I'm not quite sure what you're asking here. Are you asking if there could be a general procedure for deciding the standard model of the integers? I'm pretty sure that the fact that arithmetic is incomplete allows you to conclude that is not possible, no matter what order of logic you are using.
 
  • #69
No, there is only one model of the integers within the reals. For instance you have to have 2+2=2x2

You're thinking of embeddings. A model of the integers is under no obligation to use the exact same arithmetic operators as the reals.
 
  • #70
Here's an example of why Tarski's theorem is useful.


Suppose I have a system of polynomials in many variables with integer coefficients. Suppose I also know that there is a solution to this system in the reals.

Now, I want to know if this system has a solution in the real algebraic numbers.

The answer is yes, and it's trivial using Tarski's theorem. I haven't yet figured out a way to attack the problem without using decidability.
 
  • #71
Apparently in his book 'A decision method for elementary
algebra and geometry', 1948, Tarski showed that the first-order
theory of the real numbers under addition and multiplication is decidable.

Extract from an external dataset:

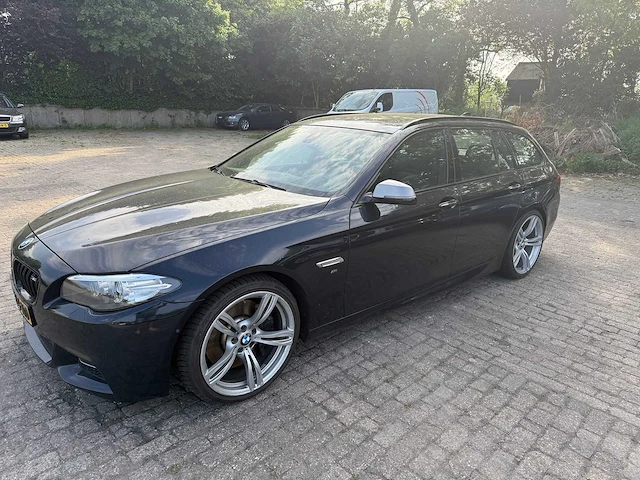 Bmw 5-serie touring m550xd, h-904-nd - afbeelding 1 van  16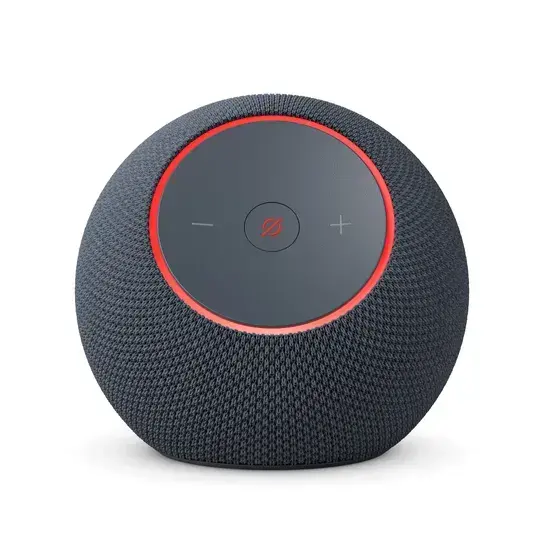 Преносима смарт тонколона Amazon Echo Dot Max 2025, Alexa, черен - image 4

This seems at first glimpse in contradiction to Godel's
Incompleteness Theorem, but of course, as we have
analysed in this thread, there is a considerable difference
formally between the Natural numbers and the Reals.

Note this result of Tarski is within a first-order logic
and does not require us to step into a sccond order logic.

I don't have access at the moment to this work of Tarski.
Can anyone confirm this reference is correct?